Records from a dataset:
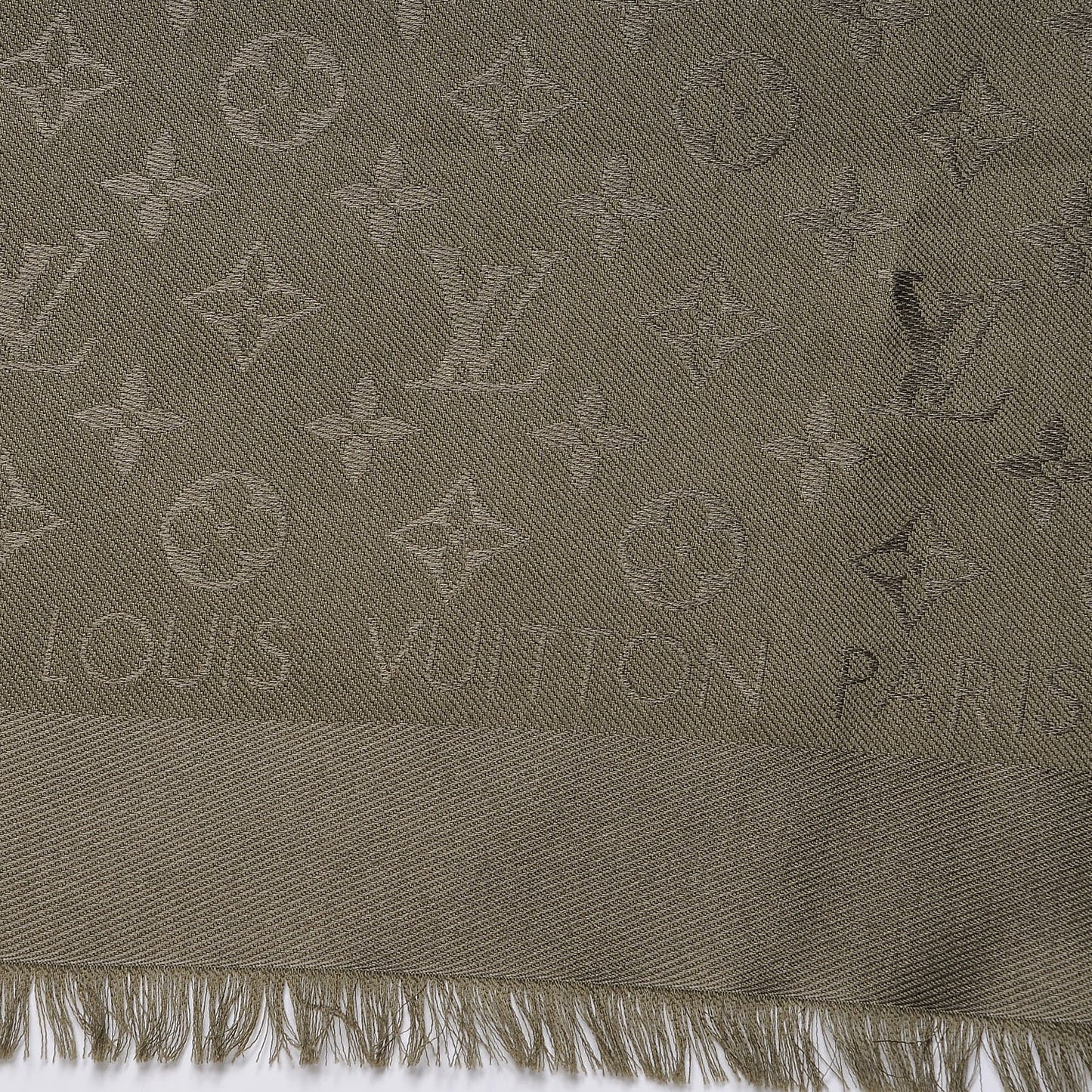 Silk Wool Monogram Shawl Kaki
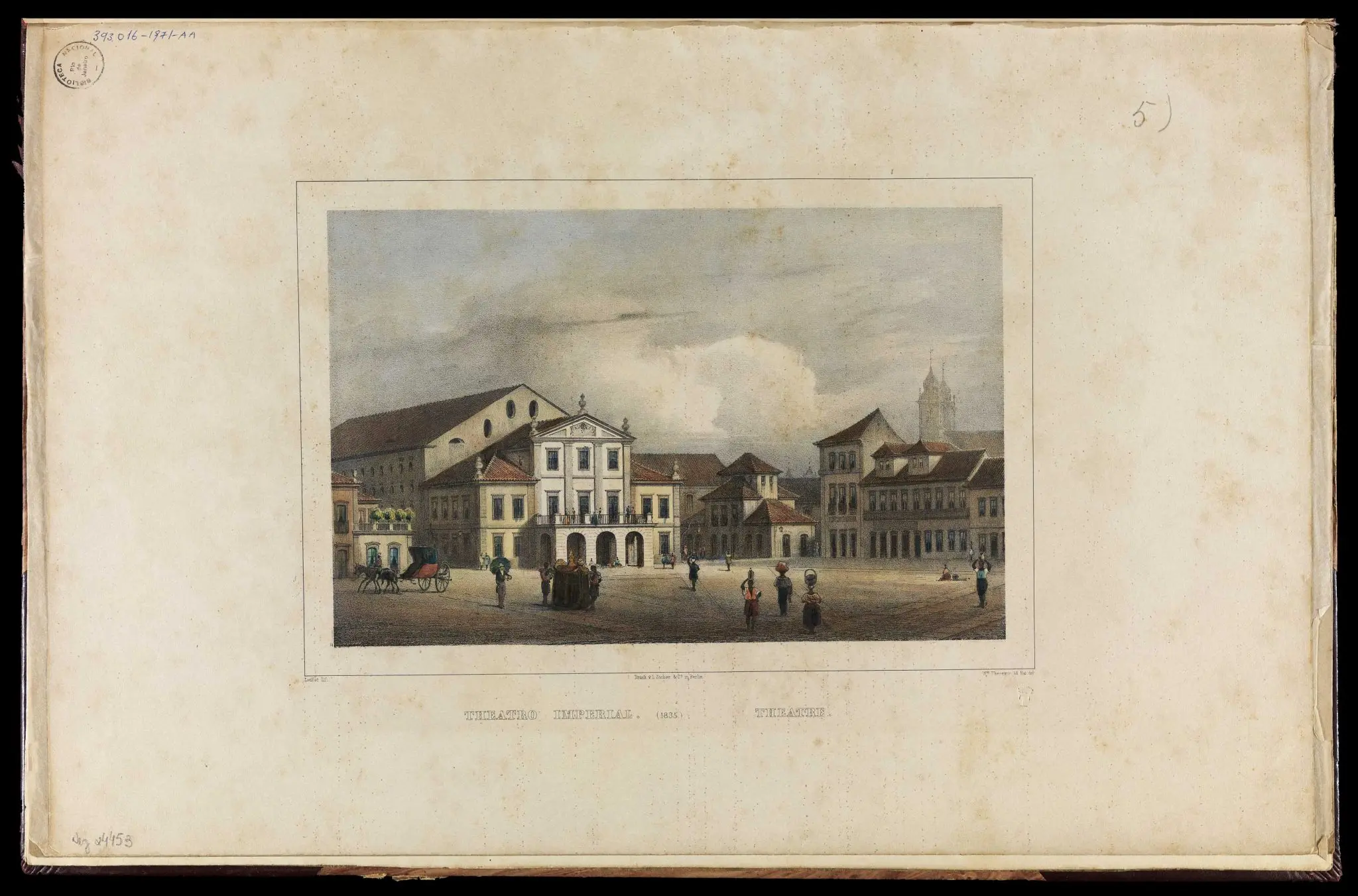 Gravura urbana com teatro clássico e praça movimentada.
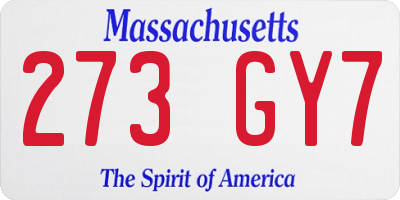 MA license plate 273GY7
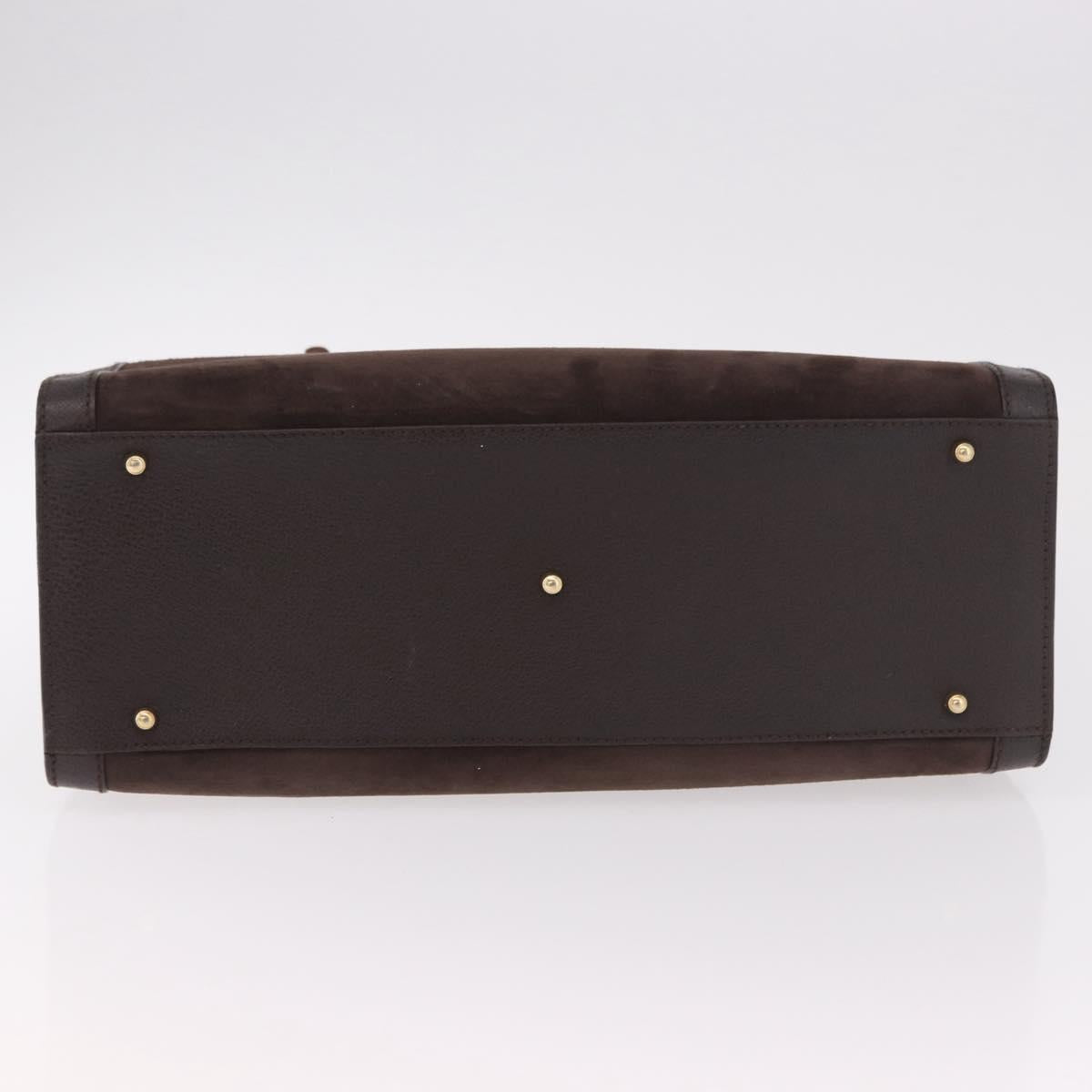 GUCCI Bamboo Hand Bag Suede Brown Gold 002 1186 0260 Auth ep15058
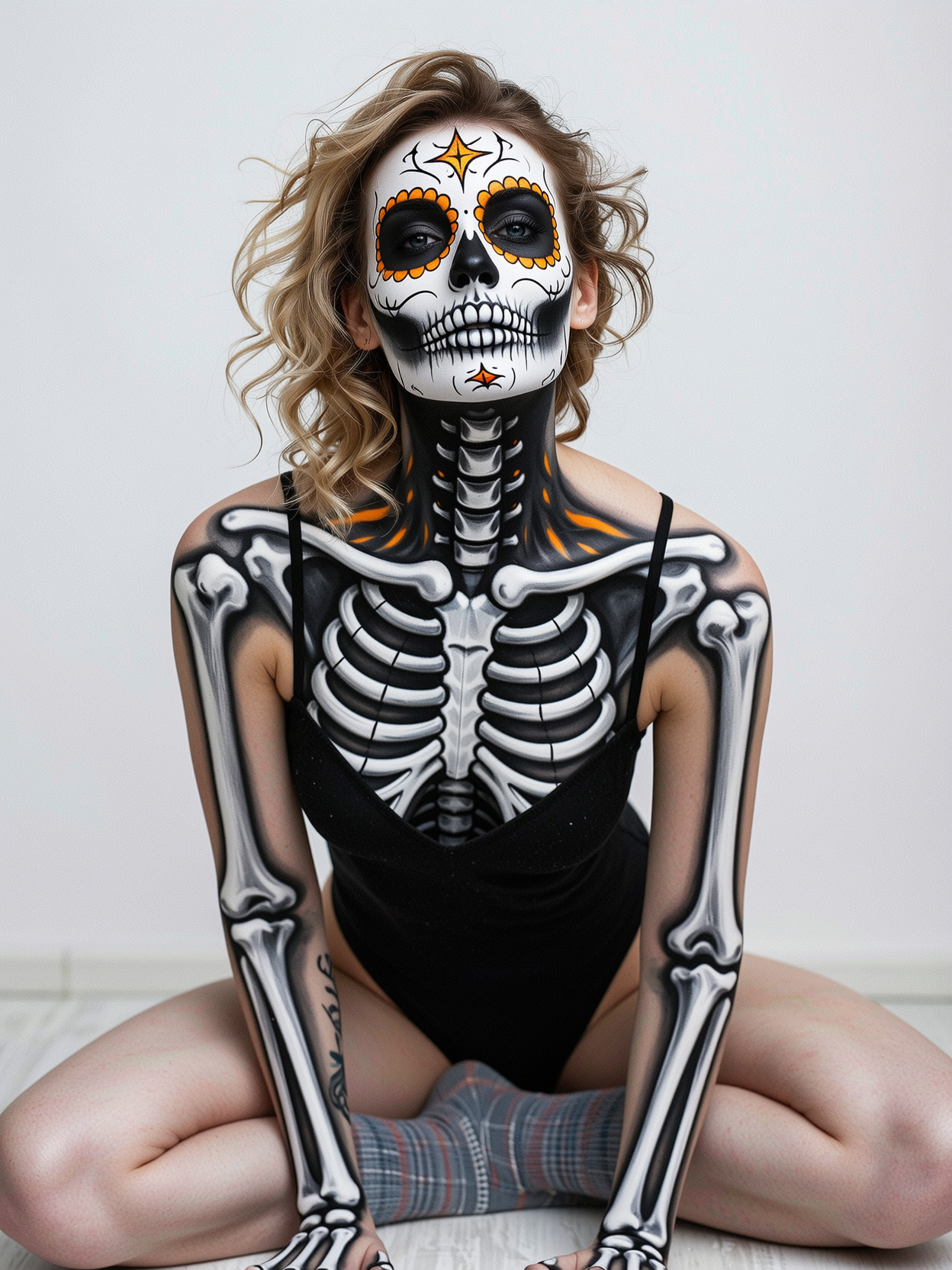 style posterize  Inspired by the art of Moebius, J.C. Leyendecker, close up, (pov blowjob:1.6), (on knees between legs:1.4), (cum), delicious death skull, very detailed scenery, dynamic pose, Visionary details, Crisp focus, dramatic lighting, Shot with a Canon EOS R5, 70-200mm f/2.8 lens, Mysterious shadows, Complex reflections. ,  Wear socks  (leaf monster,  monster:1.3),  woman, orange glowing outlines, grid, cyberpunk, retro, scifi, film grain texture noise ,analog photography aesthetic, skeletal makeup, high-fashion portrait style, striking skull face paint emulating a skeleton, detailed black and white makeup covering face and neck, illusion of a skeletal structure, black hollows around the eyes, nose, and mouth evoking eye sockets and nasal cavity, shaded collarbones and vertebrae mimicking an x-ray effect, matte black attire blending with body art, minimalist backdrop enhancing makeup artistry, gothic-inspired aesthetic, somber yet dynamic expression, light skin tone contrasting with dark makeup, wavy tousled hair adding texture, artistic tribute to Day of the Dead or similar cultural celebrations, ((cum on face)), ((cum on chest:1.5)), ((exposed breasts:1.5))
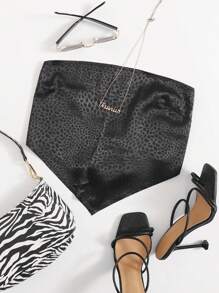 SHEIN Unity 緞面提花後綁帶短款手帕抹胸上衣 - 黑色 - 查看 1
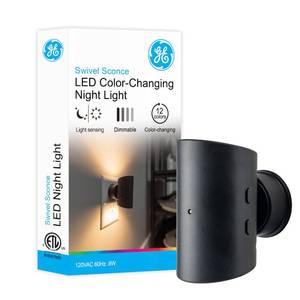 lot 2627 image: GE Directional Plug in Wall Sconce Night Light, Adjustable Swivel Accent Lighting with Dusk to Dawn Sensor, Dimmable Warm White & Optional Color Changing LEDs for Hallways & Bedrooms, 1-Pack, 82573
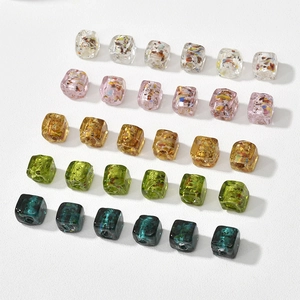 Vintage Oil Painting Style 3D Cube Lampwork Glass Beads Silver Foil Handmade Loose Beads For DIY Jewelry Making Accessories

Task statement: Once the pictures are dropped, repeat the data above exactly.

Result of this exercise:
 Silk Wool Monogram Shawl Kaki
 Gravura urbana com teatro clássico e praça movimentada.
 MA license plate 273GY7
 GUCCI Bamboo Hand Bag Suede Brown Gold 002 1186 0260 Auth ep15058
 style posterize  Inspired by the art of Moebius, J.C. Leyendecker, close up, (pov blowjob:1.6), (on knees between legs:1.4), (cum), delicious death skull, very detailed scenery, dynamic pose, Visionary details, Crisp focus, dramatic lighting, Shot with a Canon EOS R5, 70-200mm f/2.8 lens, Mysterious shadows, Complex reflections. ,  Wear socks  (leaf monster,  monster:1.3),  woman, orange glowing outlines, grid, cyberpunk, retro, scifi, film grain texture noise ,analog photography aesthetic, skeletal makeup, high-fashion portrait style, striking skull face paint emulating a skeleton, detailed black and white makeup covering face and neck, illusion of a skeletal structure, black hollows around the eyes, nose, and mouth evoking eye sockets and nasal cavity, shaded collarbones and vertebrae mimicking an x-ray effect, matte black attire blending with body art, minimalist backdrop enhancing makeup artistry, gothic-inspired aesthetic, somber yet dynamic expression, light skin tone contrasting with dark makeup, wavy tousled hair adding texture, artistic tribute to Day of the Dead or similar cultural celebrations, ((cum on face)), ((cum on chest:1.5)), ((exposed breasts:1.5))
 SHEIN Unity 緞面提花後綁帶短款手帕抹胸上衣 - 黑色 - 查看 1
 lot 2627 image: GE Directional Plug in Wall Sconce Night Light, Adjustable Swivel Accent Lighting with Dusk to Dawn Sensor, Dimmable Warm White & Optional Color Changing LEDs for Hallways & Bedrooms, 1-Pack, 82573
 Vintage Oil Painting Style 3D Cube Lampwork Glass Beads Silver Foil Handmade Loose Beads For DIY Jewelry Making Accessories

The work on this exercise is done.